Some of these, such as leap-frog, will become one word while others will just lose the hyphen; walking-stick for example, will be changed to walking stick.

"But how will we differentiate between a stick designed to aid mobility and a magical stick that can walk?", I hear you cry. The answer is a mixture of context and old fashioned common sense (formerly known as old-fashioned common-sense). If there is genuine ambiguity as to whether the prefix is a verbal noun or a participle adjective then the hyphen must remain; otherwise I find them wholly unnecessary. I would never assume that a pot belly is the belly of an earthenware vessel (unless the context suggested so) so why would I need a hyphen?
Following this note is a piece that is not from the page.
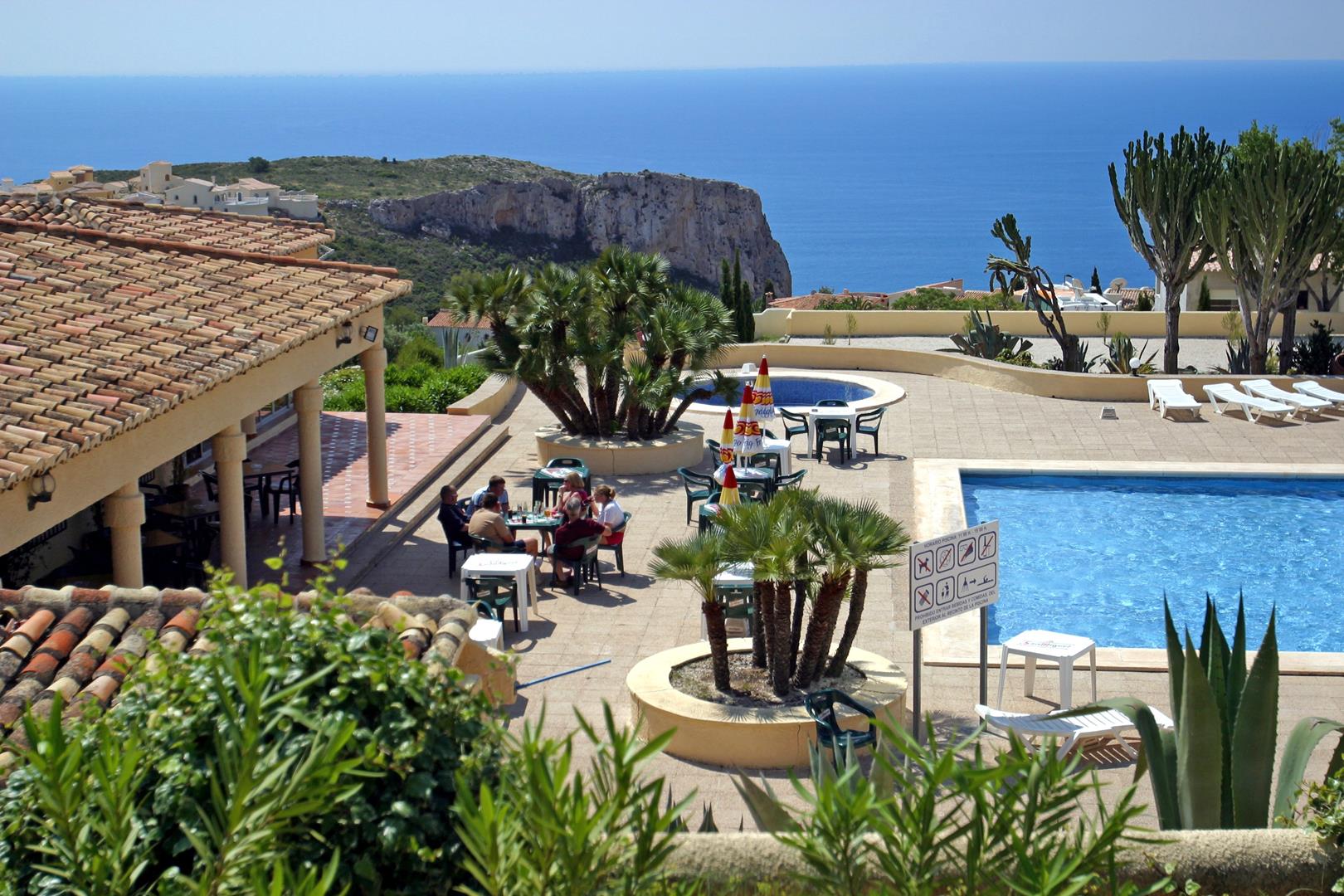 Villa moderna con vista panoramica e piscina privata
The article, however, suggests that technology is the reason the hyphen is becoming unfashionable.

The blame, as is so often the case, has been put at least in part on electronic communication. In our time-poor lifestyles, dominated by the dashed-off [or should that be dashed off or dashedoff] e-mail, we no longer have time to reach over to the hyphen key.
Balderdash, I say. Especially as the decrease in hyphen use has coincided with an increase in the use of the dash — an entirely different piece of punctuation but the same button on your keyboard. I have discussed my reasons for liking the dash in a previous post.

But hang on a minute. I don't think I'm quite ready to pen the hyphen's obituary as when I look at the above quote it's my view that "dashed-off" benefits from the hyphen. It just reads better — more smoothly somehow. The hyphen in e-mail, however, doesn't serve any purpose at all and I'm always cursing the Beeb's dogged refusal to join in with the rest of the world and drop it.

I don't know, I guess we're just going to have to play it by ear and be forgiving when it comes to other people's use of this messy, cluttering, largely redundant little character.